Thursday, Aug. 07, 2008
Robert Maheu
By Tiffany Sharples
In the 15 years that Robert Maheu served as the public face of Howard Hughes, he never once met his reclusive and eccentric boss in person. A former operative for both the CIA and the FBI--he notoriously solicited the help of the Mafia in an assassination plot against Fidel Castro--Maheu first came to know Hughes when the famous aviator enlisted his help in spying on an ex-girlfriend.
Before long, Maheu, who died Aug. 4 at age 90, became Hughes' right-hand man. During the 1960s, when Hughes lived in seclusion in a penthouse atop the Desert Inn hotel in Las Vegas, "Maheu was running around town, cutting deals, assuaging politicians, making things happen--and keeping Howard apprised every step of the way," explains Pat Broeske, who interviewed Maheu extensively while writing a biography of Hughes.
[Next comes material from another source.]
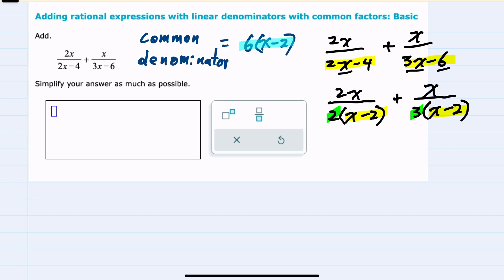The common denominator between 2 and 3 is the least common multiple, which is 6. Now that we've identified the common denominator, I can look at each fraction and see that this first fraction I would need to multiply the denominator by 3, so I would also multiply the numerator by 3. For the second fraction, I would need to multiply the denominator by 2, which means I would also multiply the numerator by 2.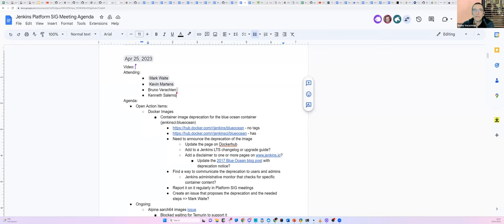Hello everyone. This is the Platform SIG Meeting, April 25th, 2023. Today we have Mark Waite, Kevin Martens, myself, and Kenneth. Welcome everyone.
Over time, the billionaire's connection with reality had eroded so severely that Maheu--with whom he communicated solely by phone and memo--was his primary source for learning about the goings-on of the outside world.
In a way, Maheu represented everything Hughes wasn't. "Hughes was drawn to men who could do things that he couldn't do," Broeske says. To Hughes, Maheu "was like one of those guys out of a spy movie: he kind of bested James Bond."